This play is not about very much. A tour guide in a stuffy boring National Trust home with often surprising views about history (Tracey Walker as Lettice Douffet) meets her comeuppance when her employer, the stuffy Charlotte Schoen (Sharon Malujlo), eavesdrops on one of her presentations.
That these two opposites find common ground and eventually common purpose holds the narrative together but what makes this comedy work is the beautiful and at times sublime use of language by playwright Peter Shaffer. It is a treat in the mould of Oscar Wilde and George Bernard Shaw (and a host since) and like their works this is not diminished by the time since it was first performed – what fun all the aforementioned writers would have with virtual signalling and the PC crowd of today.
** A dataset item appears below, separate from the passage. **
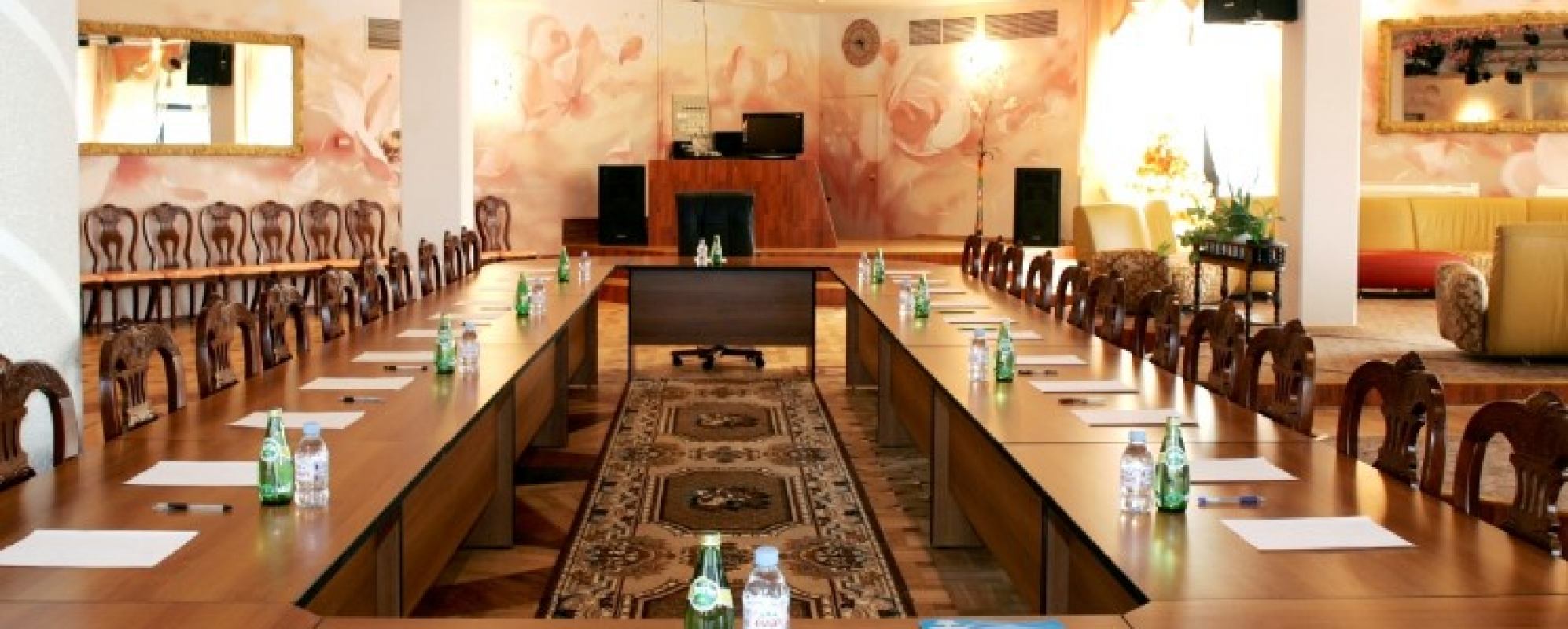 Фотографии конференц-зала Октябрьский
But words on a page can sometime not get you very far if the players can’t get them across. In this both Walker and Malujlo exceed, bringing to the fore all their local and in Ms Malujlo’s case international experience. They are simply excellent; the imperturbable Walker and tightly wound ball of Malujlo playing off each other superbly. Timing is everything and with Angela Short’s tight direction both actors never miss delivering on their line with Walker warming to her task as the production advanced, by the end relishing her performance almost as much as her character would have.
Credit must also be given to Jack Robins’ Mr Bardolph; a study in impatience and legal weariness that is refreshed delightfully once the girls hit their stride before him.
This is great fun for lovers of a good laugh as well as those who revel in the wonders of language, a talent for which the English are unsurpassed.